Work instructions
Restate word for word the lines below that run from the one holding "Book cover of: 1" through the one holding "Hustlin by RapDevyl", inclusive. Pictures don't belong in the copy.

Data for the task
*** Block opens ***
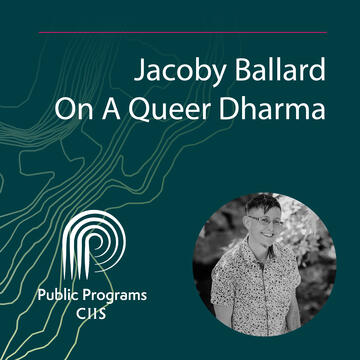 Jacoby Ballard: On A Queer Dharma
*** Block closes ***
*** Block opens ***
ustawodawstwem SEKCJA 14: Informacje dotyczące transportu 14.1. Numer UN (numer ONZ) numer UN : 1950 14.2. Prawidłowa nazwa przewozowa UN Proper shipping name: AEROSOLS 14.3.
*** Block closes ***
*** Block opens ***
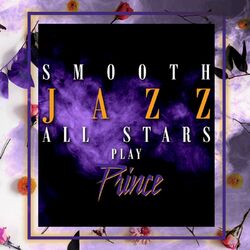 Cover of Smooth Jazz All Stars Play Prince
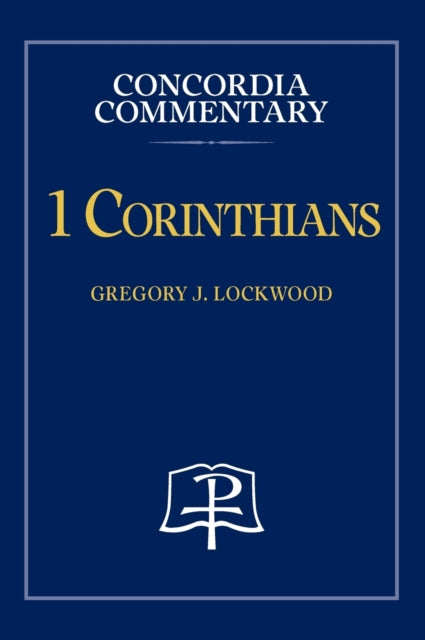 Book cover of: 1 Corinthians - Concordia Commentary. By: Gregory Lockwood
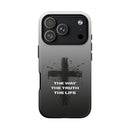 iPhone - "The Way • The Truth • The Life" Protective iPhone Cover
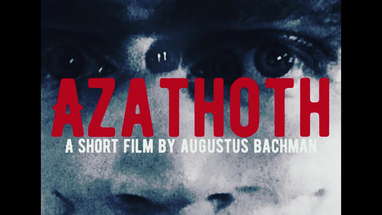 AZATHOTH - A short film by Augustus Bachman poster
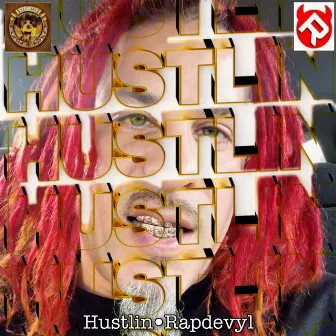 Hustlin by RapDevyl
*** Block closes ***
Reply
 Book cover of: 1 Corinthians - Concordia Commentary. By: Gregory Lockwood
 iPhone - "The Way • The Truth • The Life" Protective iPhone Cover
 AZATHOTH - A short film by Augustus Bachman poster
 Hustlin by RapDevyl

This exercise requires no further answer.